Integre Hilfswerke legen ihre Finanzen offen

Doch bei der aktuell hohen Hilfsbereitschaft bitten auch zahlreiche kleine, nicht zertifizierte Organisationen in Spendenaufrufen, Kettenbriefen und Petitionen um Unterstützung. Wie erkenne ich, ob mein Geld bei diesen Hilfswerken gut aufgehoben ist? «Auch wenn Transparenz und Evaluation im Moment, wenn schnell geholfen werden muss, nicht an oberster Stelle stehen, sollte man sich ein Bild verschaffen, was das Hilfswerk bisher gemacht hat», erklärt Martina Ziegerer. Gut auffindbare Tätigkeitsberichte und Jahresrechnungen sind Anhaltspunkte, um in Erfahrung zu bringen, wie viel Geld wirklich dort ankommt, wo geholfen werden soll. Die Zewo bezeichnet ein Hilfswerk als effizient, wenn 65 Prozent des Aufwands in die Projektarbeit fliessen – also nicht zu viel in Administration.

Es gibt aber durchaus auch einige «Red Flags», auf die Spendende achten sollen – also Warnsignale, dass dem Spendenaufruf lieber nicht getraut werden soll:

  • Wenn nicht ersichtlich ist, wer überhaupt hinter dem Spendenaufruf steckt – wenn der Aufruf also keinen klaren Absender hat.
  • Wenn keine oder kaum Fakten zur bisherigen Tätigkeit in Form von Tätigkeitsberichten oder Jahresrechnungen auffindbar sind.
  • Wenn die Appelle übertrieben emotional sind – seriöse Hilfsorganisationen werben nicht mit den absolut dramatischsten Bildern von Krieg, Leid und Tod.
  • Wenn die Appelle besonders dringlich sind – eine Spende will gut überlegt sein und die Hilfswerke brauchen auch in einigen Wochen noch Unterstützung.

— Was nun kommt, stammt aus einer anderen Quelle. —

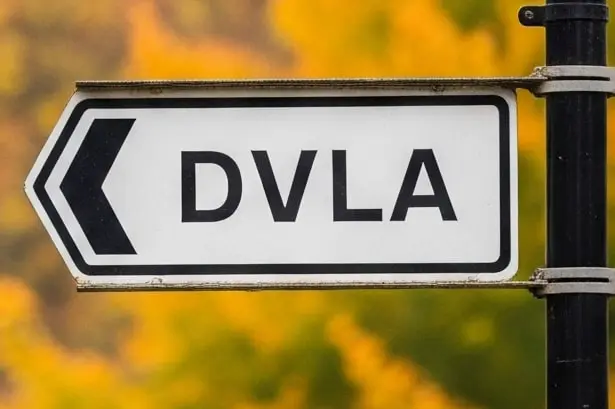DVLA Sign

Zudem führt die Zewo eine Liste mit Organisationen, die aus ihrer Sicht nicht vertrauenswürdig sind und gewisse Standards nicht erfüllen.

Kann man privaten Initiativen trauen?

Aktuell gehen viele Spendenaufrufe auch von privaten Initiativen aus. «Es kann durchaus sinnvoll sein, solche Initiativen zu unterstützen, wenn diese Menschen Kontakt in die Konfliktregion haben und so genau wissen, welche Güter gebraucht werden», sagt die Zewo-Geschäftsführerin Martina Ziegerer. Private Initiativen zu überprüfen ist allerdings schwierig, da es keine Rechenschaftsberichte über die Tätigkeiten gibt. Also muss man wissen, dass den entsprechenden Personen vertraut werden kann und dass sie auch die Kompetenz haben, zum Beispiel Kleidung, Hygieneartikel oder Medikamente in das Kriegsgebiet zu liefern. «Es gibt viele Spendenaufrufe, die gut gemeint sind. Doch Sachspenden sortieren, lagern, transportieren und an einem sicheren Ort zu übergeben, ohne sich selbst zu gefährden, benötigt mehr als guten Willen», sagt Ziegerer.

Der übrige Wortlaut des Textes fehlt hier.